Adam - The Developer ✨

Posted on Jun 22 • Edited on Jun 25

When Software Started Writing Software: A Developer’s History of AI

#ai #machinelearning #programming #productivity

Blending strict logic with pattern matching

If you've shipped software in the last three years, you've probably watched your job description quietly rewrite itself. You went from writing code, to writing code with an autocomplete, to writing code with a collaborator, to increasingly writing a spec and watching an agent write, test, and ship the code for you.

That didn't happen overnight. It's the latest chapter in a 70-year story that started with researchers trying to teach machines to play checkers. Let's walk through it, not as a dry timeline, but as the story of how "intelligence" kept getting redefined every time machines got good at the last definition.

1. The Symbolic Era: Intelligence as Logic (1950s–1980s)
2. Statistics Quietly Eats Symbols (1990s–2000s)
3. Deep Learning Breaks the Ceiling (2012–2017)
4. The Transformer and the Birth of "General-ish" Intelligence (2017–2022)
5. From Chatbot to Coworker: The Agentic Turn (2023–Today)
So What Changed, Really?

1. The Symbolic Era: Intelligence as Logic (1950s–1980s)

The founding bet of AI, made official at the 1956 Dartmouth Workshop, was simple and audacious: thought is computation. If you could represent knowledge as symbols and rules, and manipulate those symbols correctly, you'd get intelligence.

This gave us:

Logic Theorist (1956): proved mathematical theorems by searching through logical statements.
ELIZA (1966): pattern-matched your sentences back at you and convinced people it understood them. The first chatbot, and the first time humans projected understanding onto a system that had none.
Expert systems (1970s–80s): programs like MYCIN encoded a domain expert's rules as IF-THEN statements. MYCIN could diagnose bacterial infections about as well as a human specialist, using a few hundred hand-written rules.
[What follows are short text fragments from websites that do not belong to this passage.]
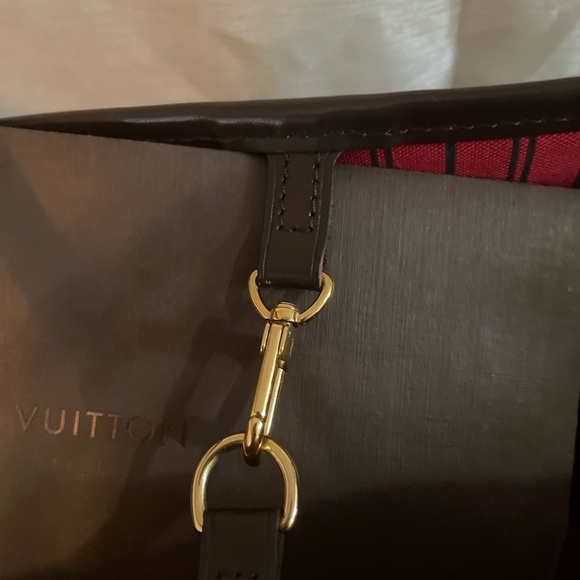 Louis Vuitton Neverfull MM Damier Tote with Pouch - Picture 13 of 16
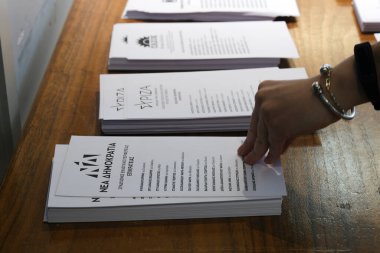 Belçika 'nın Brüksel kentindeki bir sandık merkezinde 20 Mayıs 2023' te yapılacak Yunan parlamento seçimlerinde oy pusulaları hazırlanıyor.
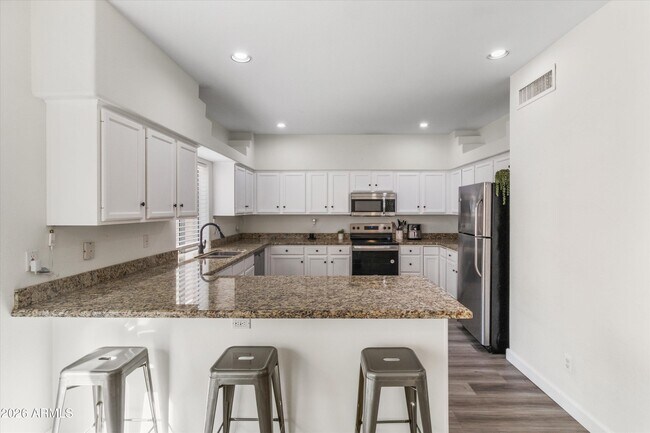 Building Photo - 12852 N Mountainside Dr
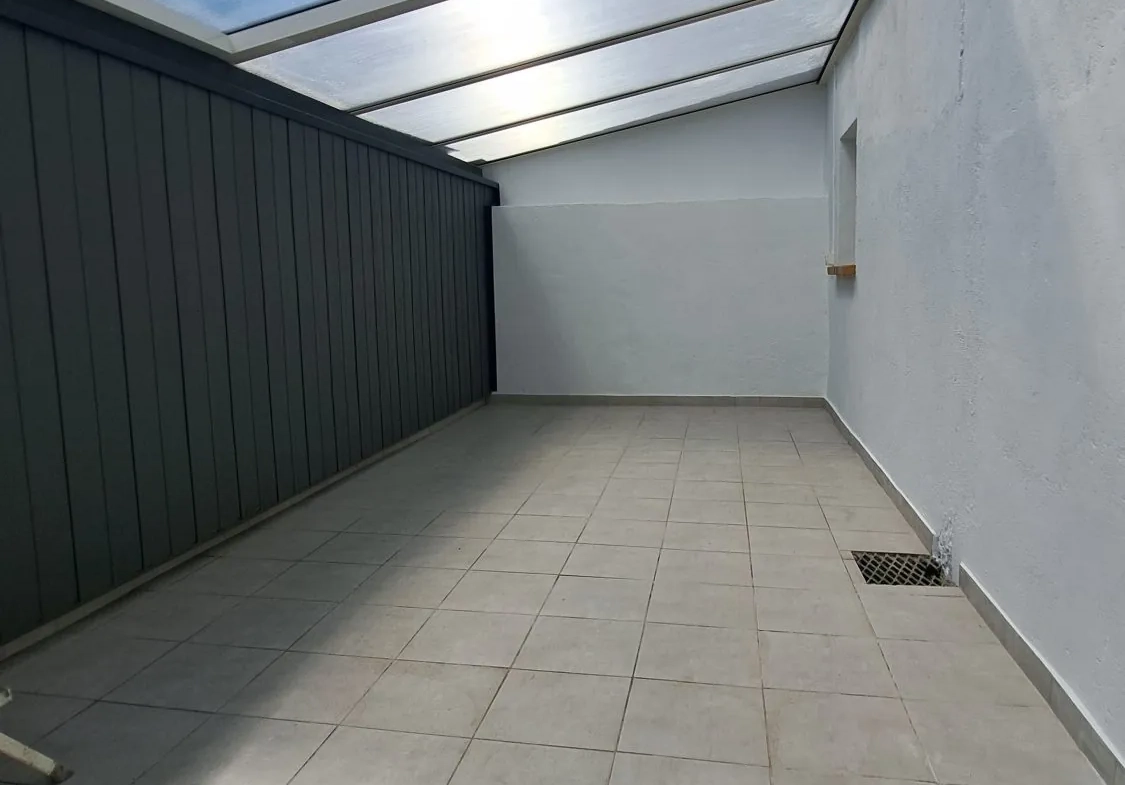 VERANDA Charmante maison de ville rénovée avec véranda à Loudun 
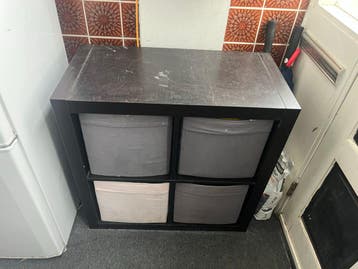 IKEA KALLAX kast met 4 vakken en opbergmanden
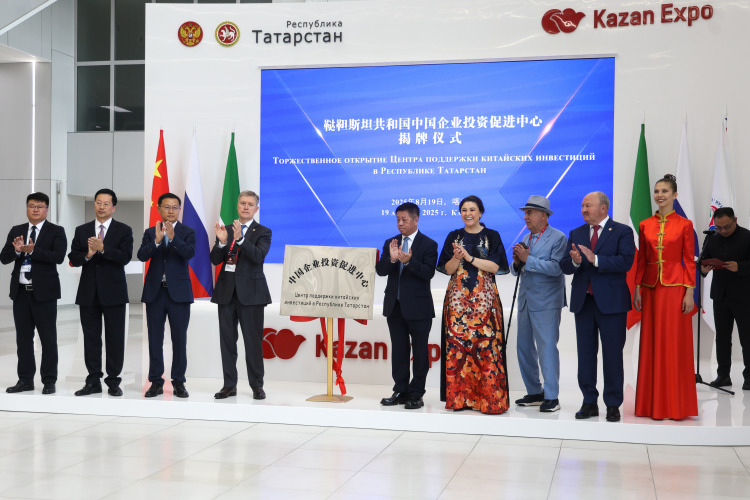 «Приезжают участники на форум „РОСТКИ“ в Казань. Они платят за проезд, за гостиницу. Плюс это ценные деловые контакты. Я сам несколько раз китайцев, например, водил в наши рестораны. Личные контакты играют очень большую роль, особенно с китайцами и индийцами»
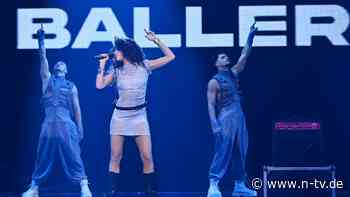 Wir ballern uns zum ESC: Stefan Raab zieht den Feuerschwanz ein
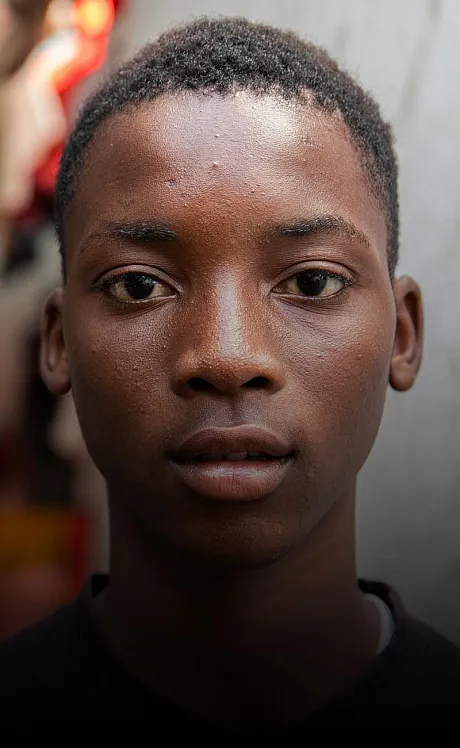 Junior fra Haiti  står imot og vil ikke være en del av de væpnede gruppene i landet.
This was weak, narrow intelligence in the most literal sense: a system that was a genius in one box and knew nothing outside it. The fatal flaw was scale, every rule had to be written by hand by a human expert. Knowledge didn't generalize, and it didn't learn from data. When funding agencies realized these systems couldn't handle the messiness of the real world, the money dried up. This was the first AI winter.

2. Statistics Quietly Eats Symbols (1990s–2000s)

While "AI" was a dirty word in grant applications, a different idea was gaining ground: instead of telling a machine the rules, show it examples and let it find the rules itself.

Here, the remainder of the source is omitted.